WHAT THE TASK REQUIRES ::
Output all the data exactly. Pictures do not belong in the copy.

AVAILABLE DATA ::
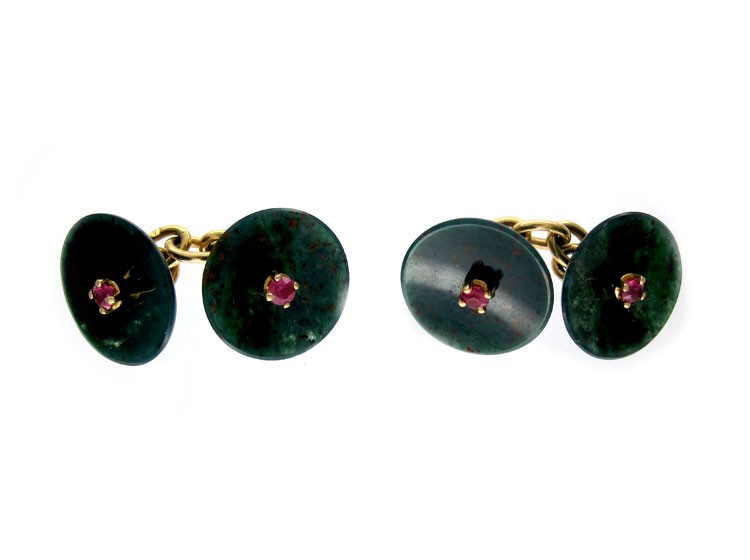 Bloodstone Ruby Cufflinks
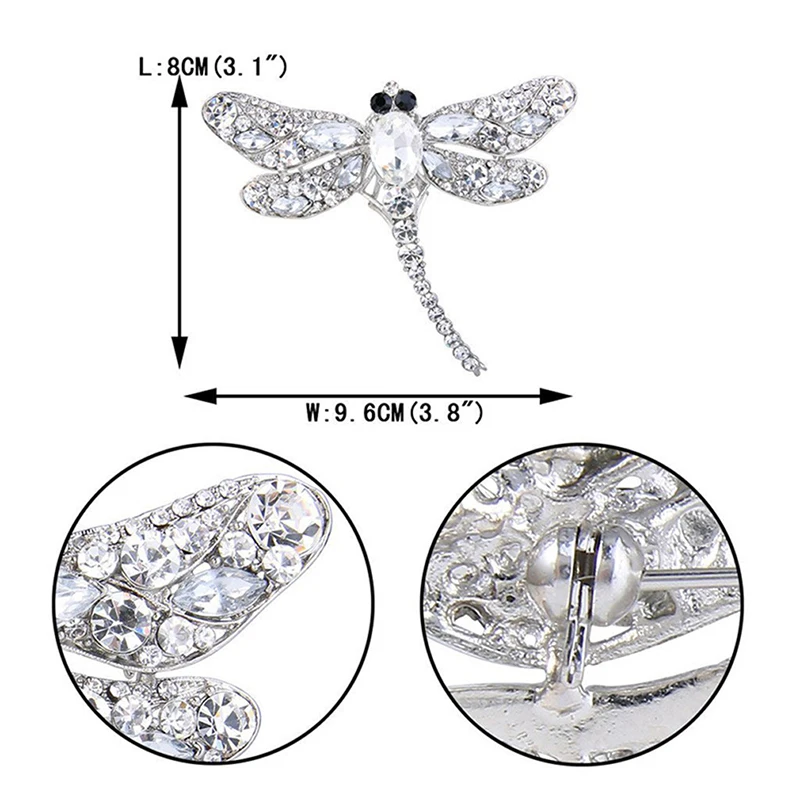 Синий хрустальный винтажный брошь со стрекозой для женщин, большой насекомое булавки модные платье пальто аксессуары ювелирные изделия подарок брошь на.
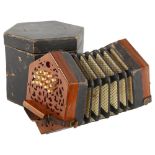 A 19th century mahogany and leather accordion in original box, no maker's marks, 16cm across Working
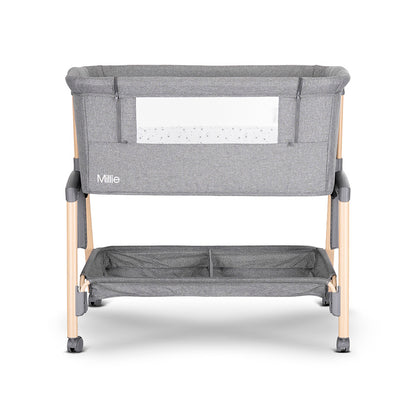Lorelli Millie Bedside Crib - Grey – Adjustable Co-Sleeper Crib with Mattress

FINAL ANSWER ::
 Bloodstone Ruby Cufflinks
 Синий хрустальный винтажный брошь со стрекозой для женщин, большой насекомое булавки модные платье пальто аксессуары ювелирные изделия подарок брошь на.
 A 19th century mahogany and leather accordion in original box, no maker's marks, 16cm across Working
Lorelli Millie Bedside Crib - Grey – Adjustable Co-Sleeper Crib with Mattress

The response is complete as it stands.